→ **Short text fragments from websites**:
*** Begin section ***

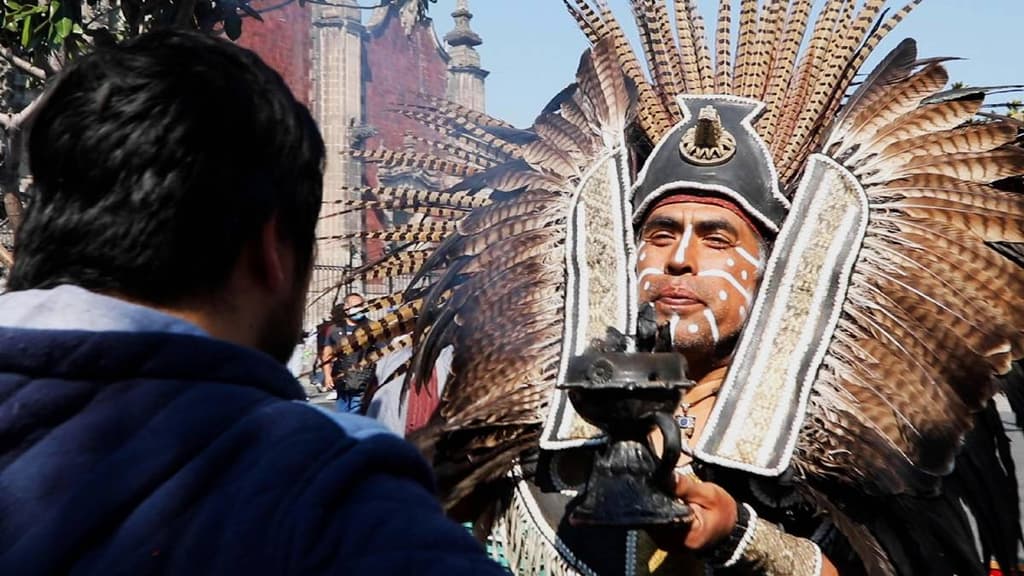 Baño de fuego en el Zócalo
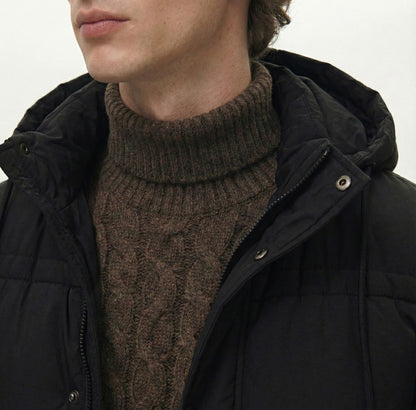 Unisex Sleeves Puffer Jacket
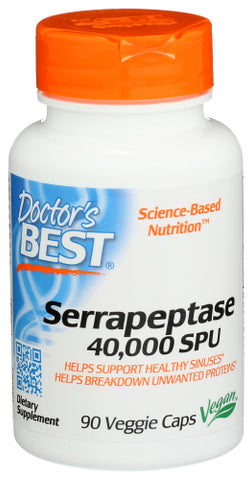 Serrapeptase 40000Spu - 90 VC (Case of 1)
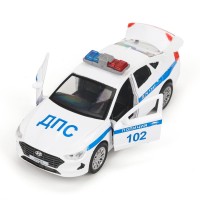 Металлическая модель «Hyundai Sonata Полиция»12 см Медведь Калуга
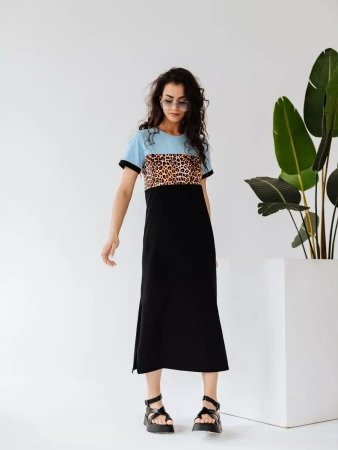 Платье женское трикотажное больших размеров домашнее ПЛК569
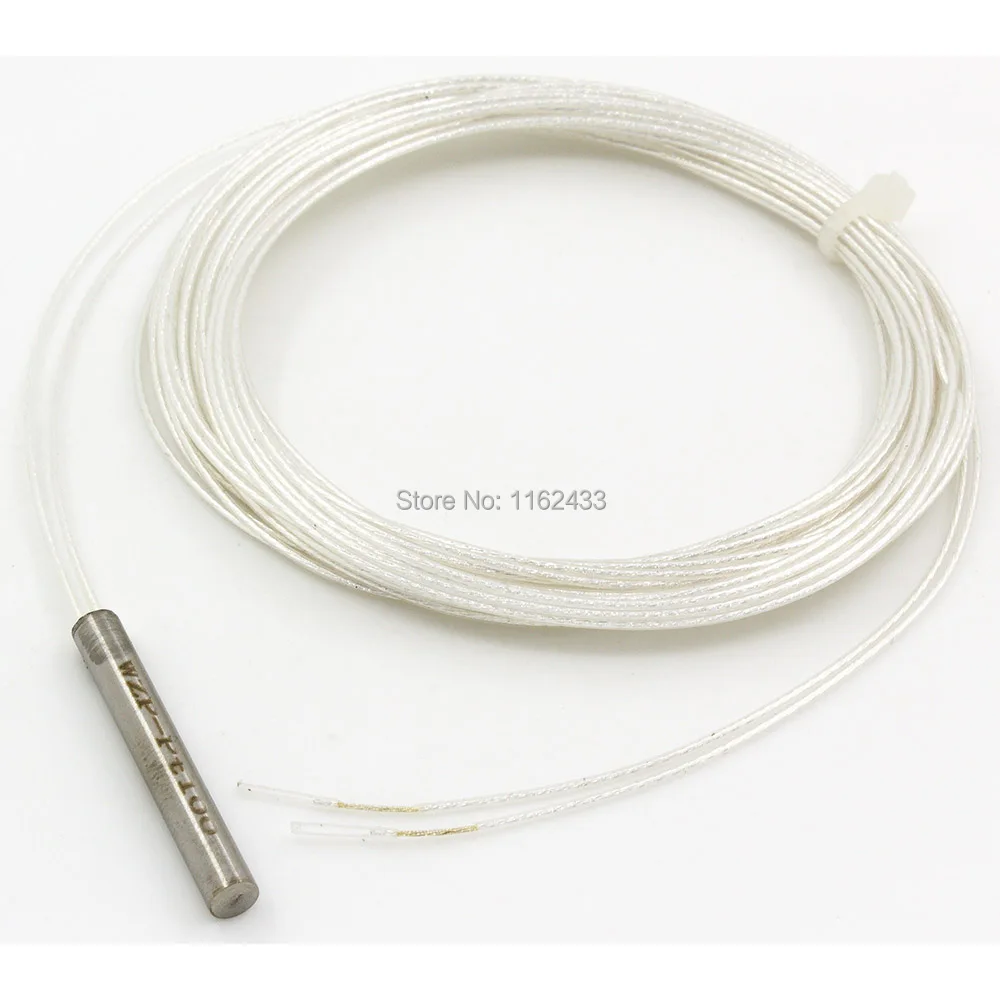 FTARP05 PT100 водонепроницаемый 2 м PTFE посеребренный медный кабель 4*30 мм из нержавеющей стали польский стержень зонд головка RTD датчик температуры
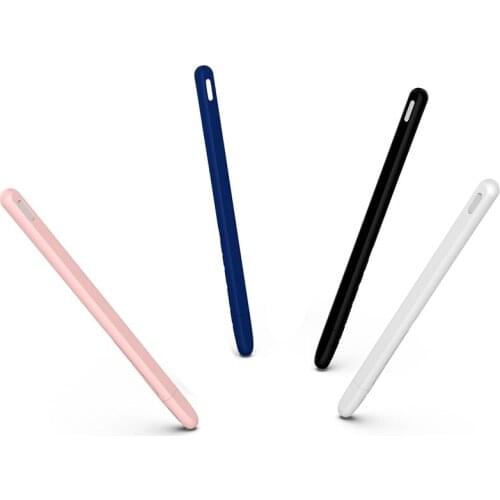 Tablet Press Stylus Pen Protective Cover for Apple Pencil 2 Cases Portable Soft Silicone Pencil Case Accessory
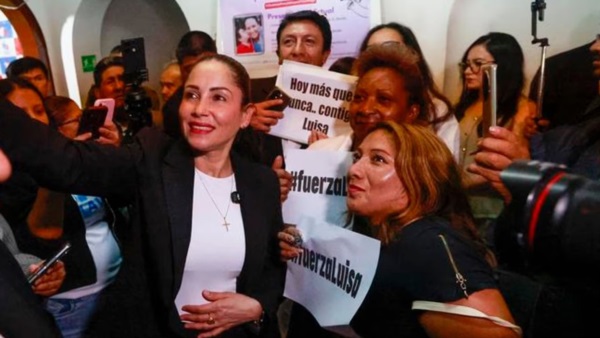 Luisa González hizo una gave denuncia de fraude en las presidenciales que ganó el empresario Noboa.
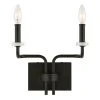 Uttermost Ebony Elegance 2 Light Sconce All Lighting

*** End section ***

→ **THE PROBLEM**: Your answer must be the exact lines from the start of the data through the line with "FTARP05 PT100 водонепроницаемый", inclusive, and nothing else; pictures do not belong in it.

→ **ANSWER FOR THE TASK**:
 Baño de fuego en el Zócalo
 Unisex Sleeves Puffer Jacket
 Serrapeptase 40000Spu - 90 VC (Case of 1)
 Металлическая модель «Hyundai Sonata Полиция»12 см Медведь Калуга
 Платье женское трикотажное больших размеров домашнее ПЛК569
 FTARP05 PT100 водонепроницаемый 2 м PTFE посеребренный медный кабель 4*30 мм из нержавеющей стали польский стержень зонд головка RTD датчик температуры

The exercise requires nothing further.